Floyt passed the vessel's sensory deprivation tank. He'd enjoyed sensedep on Earth, and found it restful. Still, he didn't care to float in darkness listening to his eyelids blink and all that while there was a starship to be seen.
He knew he could borrow an induction helmet and sample its artificial stimuli, but he wasn't sure that would be wise; after they'd disembarked from
Mindframe,
Alacrity had made very disparaging remarks about "skull-to-hull hookups."
Next along was the
Bruja's
sensorium, a miniature multimedia theater. Its menu offered none of the perversions the psychprop officers had warned against; Floyt didn't know whether to be relieved or disappointed.
He ordered up a seat for one in the center of the modest compartment. Sitting, he selected a program, something called "Ball-Struggle."
He found himself surrounded by a shoving, struggling mass of shouting, sweating men in skimpy white loincloths. They laughed and roared and babbled in some offworld language.
He felt the breeze and the sun's heat, or something very like them; he seemed to smell dust and perspiration and incense. He couldn't help shying away from the pushing, heaving teams.
Rechecking the menu, he discovered he'd summoned up
Hakozaki-gu no Tama-seseri,
a ritual recorded at the rebuilt Hakozaki Shrine on Fukuoka, but originated in Terra's Japan.
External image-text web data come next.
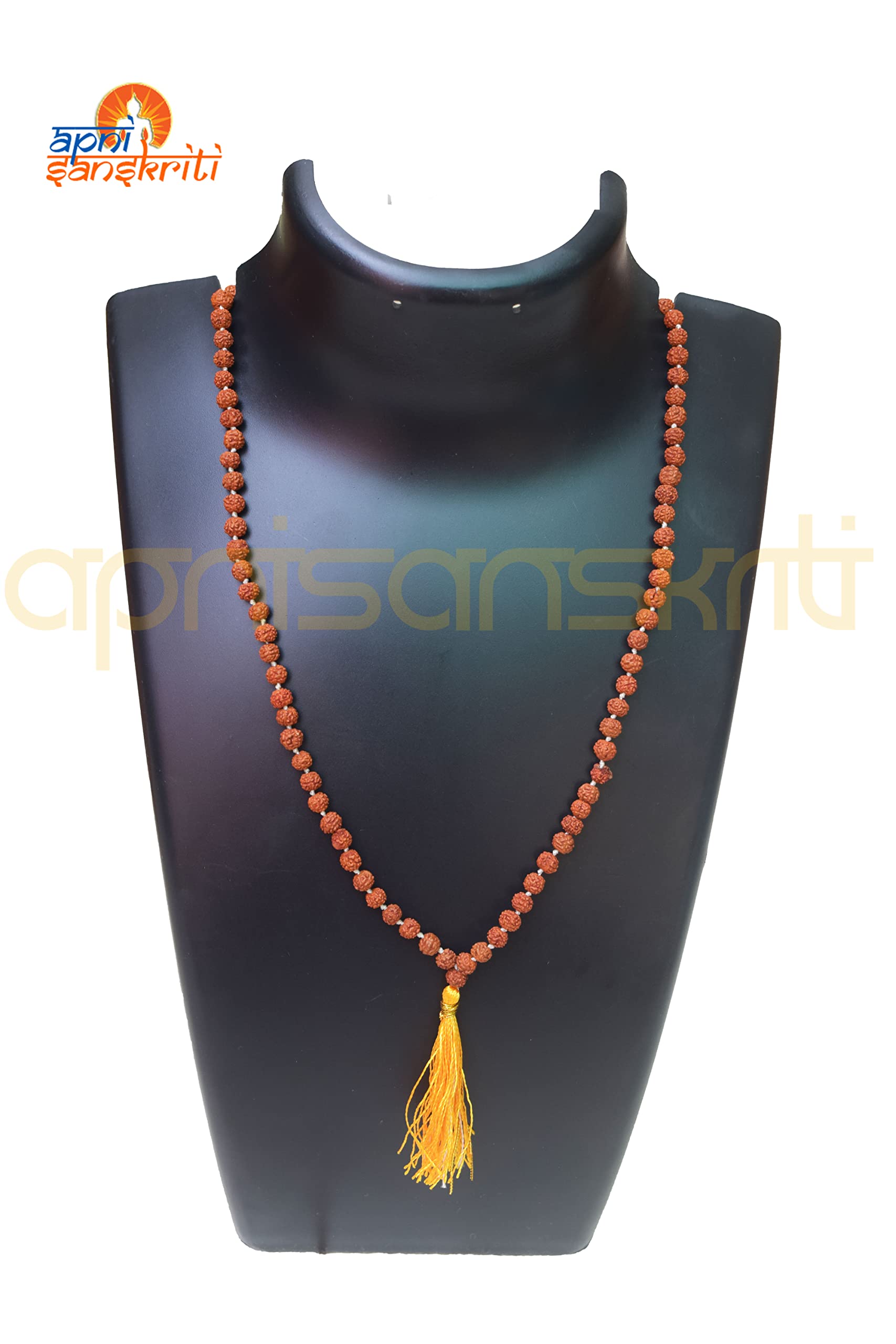 Apnisanskriti 5 Mukhi Rudraksha Mala for Men/Women Wearing (108+1, Lab Certified, Natural Brown Rudraksha Beads)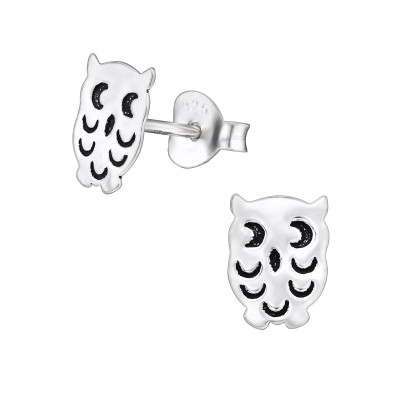 Children's Silver Owl Ear Studs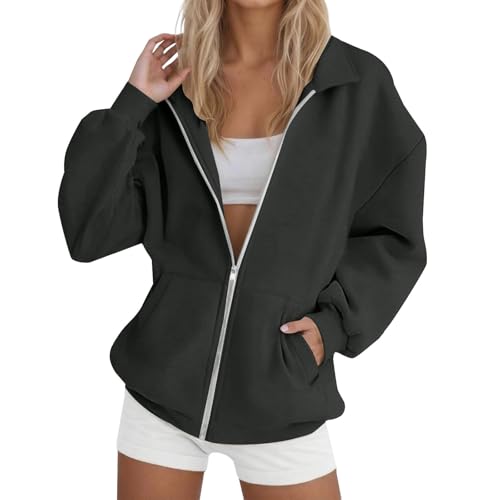 Hoodie Damen Sweatjacke Baumwoll Kapuzenjacke Herbst Lang Sweatshirt Kapuzenpullover Mit Kapuze Reißverschluss Mantel Oversize Pullover 2025, S-3xl Blouson Jacke Damen Hoodie Sweatjacke Strickjacken von unilarinna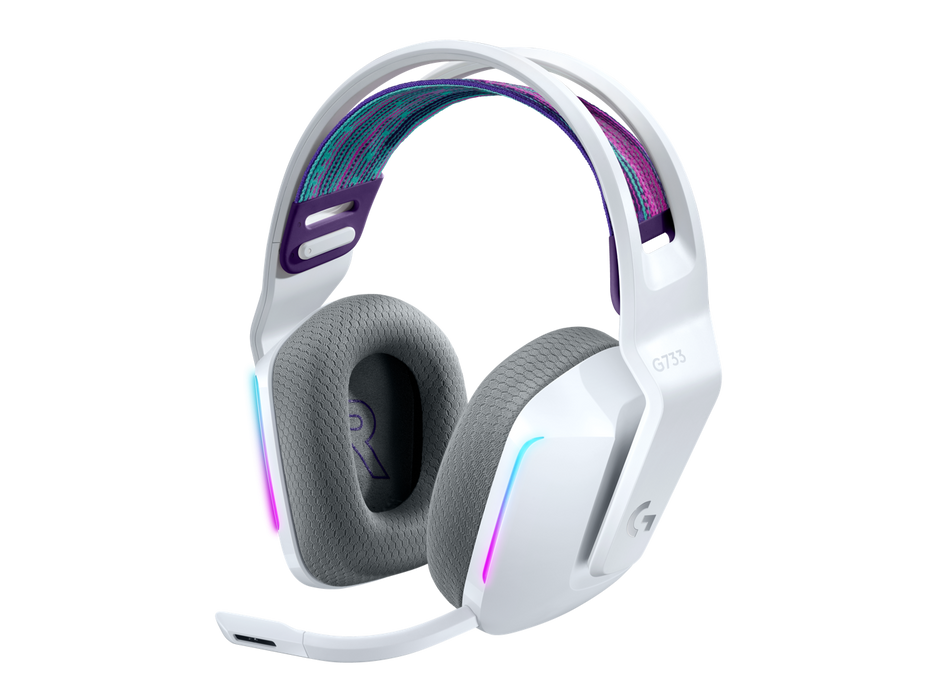Logitech G733 Wireless DTS Gaming Headset for PC, Mac and PlayStation - White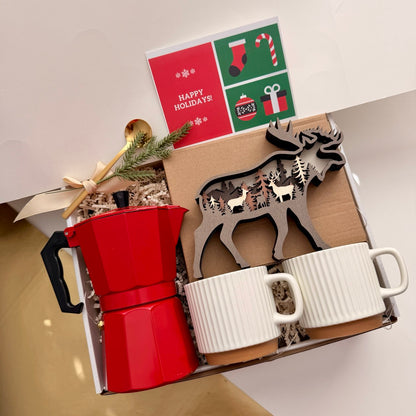 Holiday Coffee Gift Box with Coffee Maker, 2 Mugs & LED Elk/Bear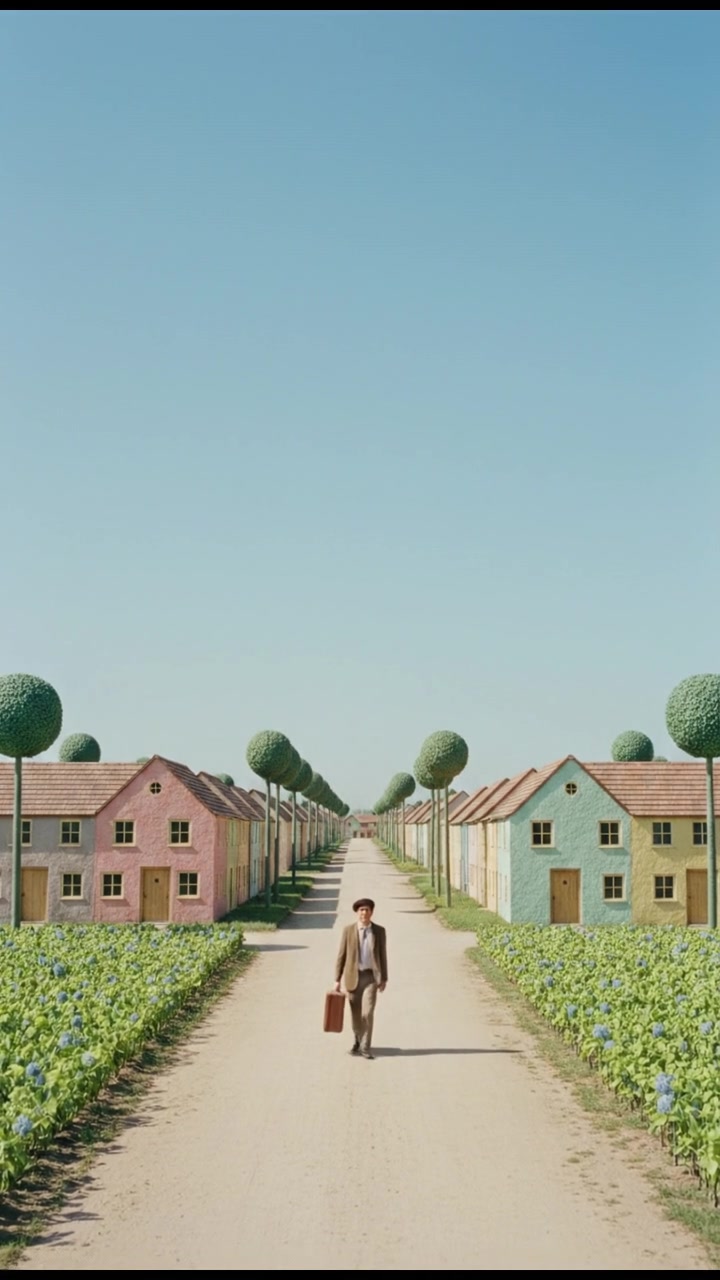 A small village with mud houses and lush green fields, a dirt road winding through the village, under a clear blue sky.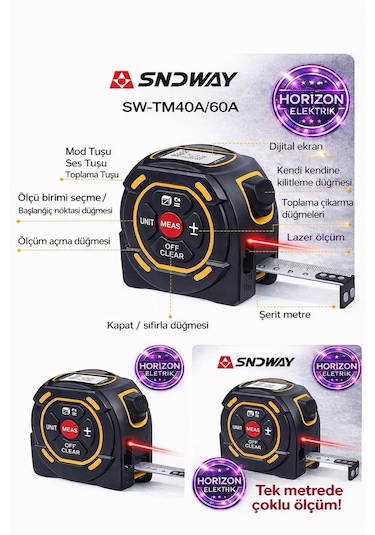 Sndway Sw-tm60a Lazer Mesafe Ölçerli Şerit Metre 5 Metre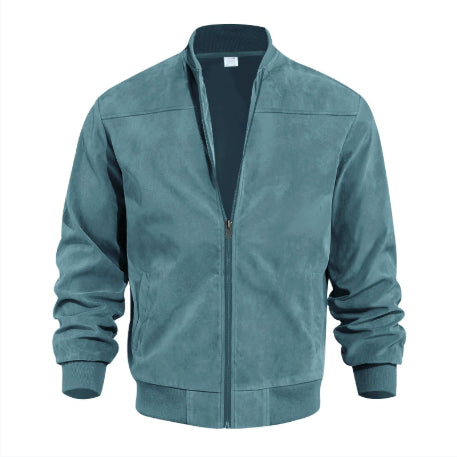 Casual Plus Size Suede Zipper Jacket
The straining mob fought and grabbed at the prize ball, some sitting on their teammates' shoulders.
From the sidelines, priests hosed water onto the melee.
Floyt was openmouthed. Earth had nothing like the sensorium, at least not for functionaries. He picked another sequence.
He hung in space, near the center of a globular star cluster, lost in brilliance shed by half a million distant suns …
Floyt mustered his self-control and canceled the sequence before and around him. A limitless, rust-colored plain, spread under a fey red sun, vanished. It took with it tens of thousands of hooded, chanting worshipers before their human sacrifice could be carried out at his feet.
He sat for a few moments, shaken. At last he returned to the passageway. When he'd meditated for some seconds on why the sensorium would never, never be allowed on Terra, he continued his wandering.